2018년 1월 23일 화요일

Living Economics Experiments

I read the Nathaniel Popper piece that appeared in todays NYT, and as always it was great. The man regularly offers up the most entertaining, unbiased perspectives on the frothiest, most exciting sector since the dotcom boom and bust.

When I read something good, there are usually a few lines that I end up re-reading a few times. That way they end up sticking with me long after I close the tab or shut the book. This time was no different.

I have been thinking a lot about the simplistic power well designed cryptoeconomic incentive architectures will be able to wield lately, so my red hot embers were stoked when I read, "..virtual currencies are all living economics experiments, testing how different sorts of incentives create different behaviors."

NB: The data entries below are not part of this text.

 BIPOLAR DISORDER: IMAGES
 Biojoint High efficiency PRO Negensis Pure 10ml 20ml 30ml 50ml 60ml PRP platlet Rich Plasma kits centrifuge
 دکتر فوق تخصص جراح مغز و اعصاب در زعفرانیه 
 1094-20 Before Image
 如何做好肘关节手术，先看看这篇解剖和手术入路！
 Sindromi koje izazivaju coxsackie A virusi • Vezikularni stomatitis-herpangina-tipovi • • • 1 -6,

It is precisely this economic incentive aspect of all crytpoassets - not just cryptocurrencies, but cryptocommodities, cryptotokens, and cryptocollectibles as well - that I think will start to draw more and more attention to itself and away from the ICO bubble that is starting to slide down the slope of a waning crecent moon.

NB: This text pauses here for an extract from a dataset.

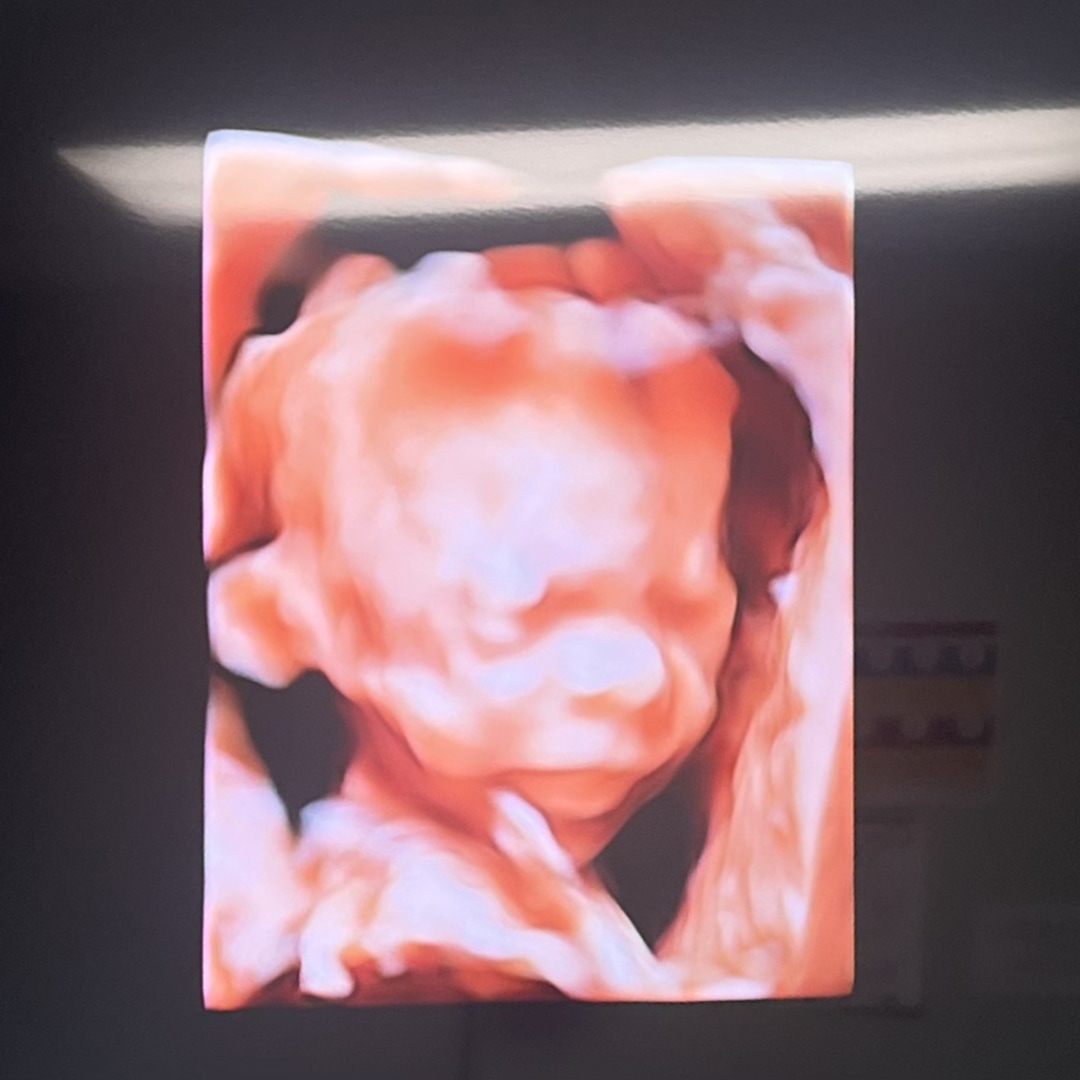 Photo shared by Maggie for their Babylist baby registry.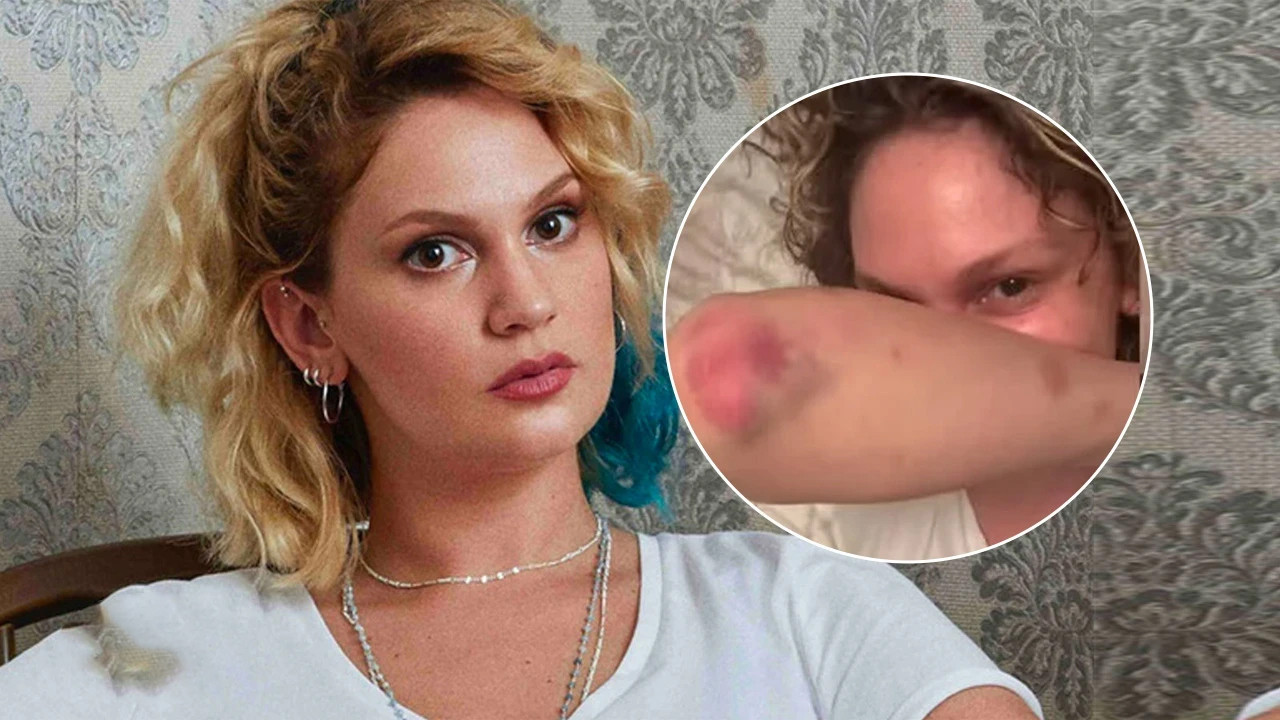 Farah Zeynep Abdullah’ın vücudundaki morluklar dikkat çekti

Currently Bitcoin, with its own carrot and stick incentive strucure built into and around the Proof of Work (PoW) consenus mechanism, is the first, most prominent example of a cryptoeconomic incentive architecture performing in the wild, but as Nathaniel said, "...these incentives don’t always work as expected. That uncertainty is what makes it so interesting to watch — and to report on."

From out of this uncertainty I believe that there are many more low hanging fruit of much simpler and more easily approachable incentive structures that people will start to look for, adopt and actually use. A good, but still incomplete example can be found in a Dapp called Cent.

Cent offers a dead simple concept: any user with an email and ethereum wallet address responds to questions or posts.  Based on the portion of upvotes their specific response receives by the community, they receive a corresponding share of the original bounty that was attached to the prompt or question as a way to incentivize responses in the first place. Super simple, and it works, er, sort of.

But it is still early days, and much, much more is still left to come. So stay plugged in my friends.